What would I do if I believed that nuclear war were imminent? And what would I do if I believed that nuclear war between Russia and the United States is impossible? And I think about what I would do and the costs of taking certain actions. Then I try to hedge my bets for my own personal safety, the stability of me and my family and figure out what I can do based upon the price that I'm willing to pay.
That way I can focus on what I can actually do and affect and change instead of the things that I can't. If this path – if we go down this path over here to the left, then that's going to result in my doing ABCDE. If we go on – or my needing to do – excuse me, my needing to do ABCDE.
If we go to the right, then that's going to result in my needing to do XYZ. Now, am I willing to do those things? And anything that I can, I try to hedge my bets and maybe I can prepare for both of those since I just don't know. Now, I'm not going to move based upon the threat of nuclear war.

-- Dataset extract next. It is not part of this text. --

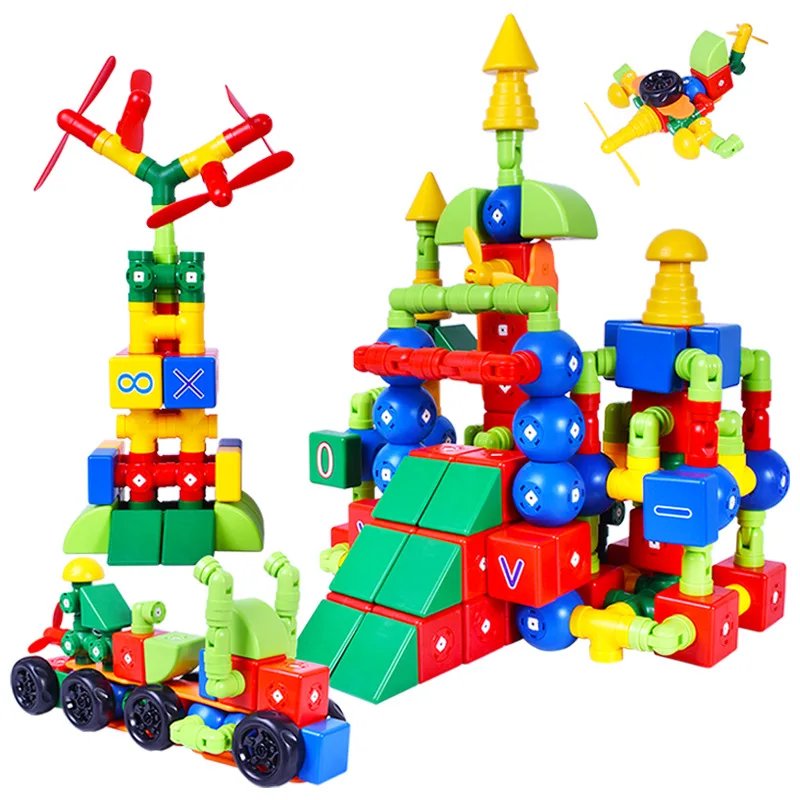 

Big size Magnetic Designer Construction Set Model & Building Toy Magnets cubes Magnetic Blocks Educational Toys For Children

I'm not going to move and buy a missile silo in the middle of Kansas at this point in time because I'm fearful of nuclear war. That would be an example of where the cost is simply too high for me to prepare for something like that. And maybe you want to do that.
I'm not prepared to do that at this point in time. It doesn't mean I think it's a bad idea. It just means that I'm not willing to do it. So what am I willing to do? And that's where something like food insurance comes in. Having a pantry filled with food is useful if I get – if you in the north get snowed in this weekend or if I face a rainstorm this weekend, I just have a bunch of people show up to my house unexpectedly for dinner.

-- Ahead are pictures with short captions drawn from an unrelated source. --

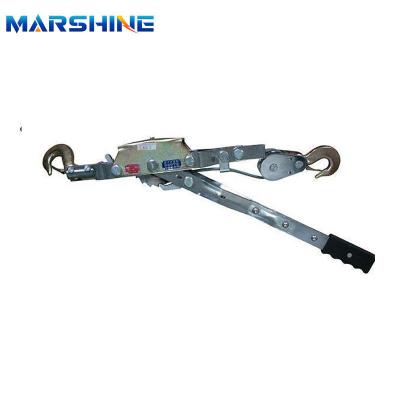 Metal Tightener Hand Cable Puller Ratchet Chain Hoist Tackle Block For Precise Pulling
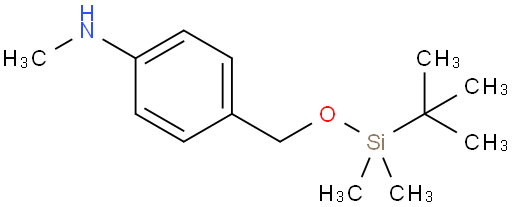 4-(((tert-butyldimethylsilyl)oxy)methyl)-N-methylaniline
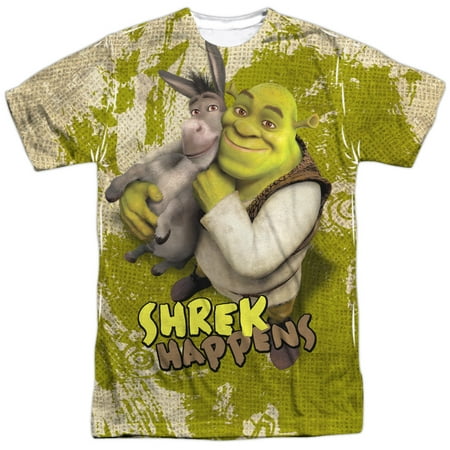 Shrek Animated Comedy Movie Donkey Shrek Happens Adult 2-Sided Print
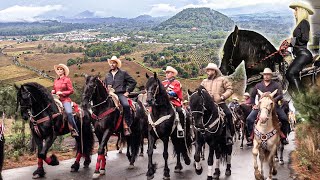 LA CABALGATA MAS GRANDE DE MICHOACAN  Festejando a la Virgen del Refugio en Condembaro Michoacan [upl. by Llerol386]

But it's also helpful in terms of nuclear war. And it's one of those things that's easy to do in the sense that there's no downside. When you weigh that risk versus return calculation and you look and say, "Well, what is the risk of me having food? Well, I have food that I'm going to buy anyway and I can save money on it," which when I go through one of the reasons, one of the big reasons why you should – I think you should consider adapting the approach that I take.
So there's no downside. What's the downside? I'm going to eat it or I'm going to need it and it's going to be helpful if we go through a significant economic crisis a la Venezuela. So when there's something that's so easy and so – has such little cost, that's the type of thing where when I put that into my risk/reward calculation, I say, "Well, what if this is right or what if that's right?" If there's no downside, I'm just going to prepare for that potential outcome.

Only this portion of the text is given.